Lucas is convinced that Rebecca is telling the truth about her ignorance of anything to do with the spy ring, but senses that she is holding back information about her family background. Rebecca becomes agitated when questioned by Lucas about her brother Daniel, disclosing that Daniel is at sea but allowing Lucas to think that he is in the Navy when Lucas suspects this not to be the case. Additionally, both Lucas and Justin spot that Rebecca’s manner and level of assurance while in the Kestrels’ London home is not consistent with her being from a working background. In due course the Kestrel brothers find out that Rebecca’s family name is De Lancey, that her father was English gentry who married a French Huguenot girl and assumed her name as a way of sticking two fingers to his Parliamentarian father and that Rebecca's brother Daniel is a privateer and possible French spy. Lucas reacts badly to this and challenges Rebecca angrily, and they have another falling out.

The following day, while out in a nearby harbour town, Rebecca gets herself abducted by local gent Sir John Horton who is evidently aware of her true identity. Turns out John, plus local couple Lord and Lady Benedict, are the actual spies. They set sail in a yacht with Rebecca locked downstairs, but there’s heavy mist and the yacht runs aground. In a splendidly ridiculous sequence, Rebecca unscrews the glass of one of the portholes with her engraving scribe, climbs out, jumps into the water just as the yacht capsizes, and swims for it; as luck would have it, she is rescued by her brother’s ship which appears out of the mist in the nick of time and throws down a rope for her to climb up, which she manages to do despite presumably being weighed down by long skirts. Onboard, Daniel – who doesn’t spy for the French, he’s just an excitingly free-spirited outlaw – persuades Rebecca that Lucas is known to be an OK chap and that marrying him would probably be a good idea given that she’s poor and alone and all, and he (Daniel) is away at sea. On Rebecca's arrival back at Kestrel Court, Lucas declares his love for her and proposes again, and this time Rebecca agrees.

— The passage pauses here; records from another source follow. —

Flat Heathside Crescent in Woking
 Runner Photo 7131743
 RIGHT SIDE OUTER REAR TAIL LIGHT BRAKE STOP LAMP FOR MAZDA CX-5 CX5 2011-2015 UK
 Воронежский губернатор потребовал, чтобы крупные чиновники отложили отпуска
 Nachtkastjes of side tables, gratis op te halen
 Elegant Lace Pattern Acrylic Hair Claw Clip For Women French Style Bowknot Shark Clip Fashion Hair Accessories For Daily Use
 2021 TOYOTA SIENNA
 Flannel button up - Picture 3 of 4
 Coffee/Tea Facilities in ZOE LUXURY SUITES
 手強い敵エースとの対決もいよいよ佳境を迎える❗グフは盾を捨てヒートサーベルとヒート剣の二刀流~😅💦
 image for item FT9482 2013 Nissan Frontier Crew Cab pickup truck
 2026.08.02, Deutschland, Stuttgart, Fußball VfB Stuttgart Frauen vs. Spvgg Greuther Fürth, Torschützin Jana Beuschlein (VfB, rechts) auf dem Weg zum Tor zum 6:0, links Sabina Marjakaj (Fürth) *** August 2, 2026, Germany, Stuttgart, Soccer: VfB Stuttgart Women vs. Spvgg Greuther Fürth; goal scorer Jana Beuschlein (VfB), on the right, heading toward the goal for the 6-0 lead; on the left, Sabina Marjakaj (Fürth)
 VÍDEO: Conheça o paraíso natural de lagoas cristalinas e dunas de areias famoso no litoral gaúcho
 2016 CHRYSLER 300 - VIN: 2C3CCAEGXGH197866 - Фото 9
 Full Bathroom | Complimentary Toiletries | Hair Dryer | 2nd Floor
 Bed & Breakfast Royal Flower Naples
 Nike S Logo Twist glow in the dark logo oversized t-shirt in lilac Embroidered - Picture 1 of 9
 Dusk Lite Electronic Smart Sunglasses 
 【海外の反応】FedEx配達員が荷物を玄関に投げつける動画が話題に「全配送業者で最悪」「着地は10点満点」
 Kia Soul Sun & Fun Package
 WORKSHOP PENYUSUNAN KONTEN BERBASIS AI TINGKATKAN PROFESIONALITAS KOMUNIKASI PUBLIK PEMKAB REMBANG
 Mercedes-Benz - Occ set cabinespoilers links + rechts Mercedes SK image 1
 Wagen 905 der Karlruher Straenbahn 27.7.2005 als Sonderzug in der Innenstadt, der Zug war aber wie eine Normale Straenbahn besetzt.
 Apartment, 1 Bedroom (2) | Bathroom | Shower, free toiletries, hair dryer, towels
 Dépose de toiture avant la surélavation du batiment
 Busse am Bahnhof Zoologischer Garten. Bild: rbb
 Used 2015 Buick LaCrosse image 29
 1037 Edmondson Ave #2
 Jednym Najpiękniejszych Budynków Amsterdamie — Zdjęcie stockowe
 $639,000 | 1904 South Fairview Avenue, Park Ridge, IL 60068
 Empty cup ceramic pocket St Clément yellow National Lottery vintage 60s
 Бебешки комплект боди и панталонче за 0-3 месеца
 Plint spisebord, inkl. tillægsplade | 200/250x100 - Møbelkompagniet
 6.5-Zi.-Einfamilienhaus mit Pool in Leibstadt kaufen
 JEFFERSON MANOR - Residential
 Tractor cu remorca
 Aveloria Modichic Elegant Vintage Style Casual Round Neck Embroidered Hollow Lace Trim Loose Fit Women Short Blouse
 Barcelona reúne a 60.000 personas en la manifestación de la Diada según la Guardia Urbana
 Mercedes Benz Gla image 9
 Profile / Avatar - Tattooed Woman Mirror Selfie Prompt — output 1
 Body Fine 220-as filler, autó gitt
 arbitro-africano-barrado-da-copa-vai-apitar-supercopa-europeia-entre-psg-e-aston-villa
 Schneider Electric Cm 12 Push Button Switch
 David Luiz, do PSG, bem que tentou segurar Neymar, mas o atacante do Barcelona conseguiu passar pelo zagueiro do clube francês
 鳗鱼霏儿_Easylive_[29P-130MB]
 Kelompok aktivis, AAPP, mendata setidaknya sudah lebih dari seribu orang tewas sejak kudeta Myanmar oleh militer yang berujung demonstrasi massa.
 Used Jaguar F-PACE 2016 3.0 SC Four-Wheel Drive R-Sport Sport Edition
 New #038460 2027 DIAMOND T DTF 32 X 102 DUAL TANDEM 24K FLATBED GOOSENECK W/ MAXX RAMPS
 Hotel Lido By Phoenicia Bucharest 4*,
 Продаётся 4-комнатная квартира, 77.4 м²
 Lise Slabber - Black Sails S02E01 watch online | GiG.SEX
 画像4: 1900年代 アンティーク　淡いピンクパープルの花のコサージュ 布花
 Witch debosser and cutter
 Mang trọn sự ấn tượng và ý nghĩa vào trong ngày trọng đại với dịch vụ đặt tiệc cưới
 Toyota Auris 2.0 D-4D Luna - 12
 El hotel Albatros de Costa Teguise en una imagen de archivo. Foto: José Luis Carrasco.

I enjoy the occasional romance novel and this isn’t a bad one. Lucas is a pretty attractive hero and the epilogue, in which Cornick additionally provides the austere Duke with a bit of romance, is a nice touch. TRM was apparently the third book in the ‘Bluestocking Brides’ series, the earlier two being The Notorious Lord (about Cory Newlyn) and One Night of Scandal (about the second Kestrel brother, Richard). (We learn on page thirteen of The Rake’s Mistress that Stephen Kestrel has two sisters in addition to his three brothers, but the sisters do not appear in the novel at any point. Maybe they do in the others. Or maybe I shouldn’t be too exacting towards a M&B). A close friend of mine may have just ordered both from the Amazon Marketplace. Well, these winter evenings are long and dark.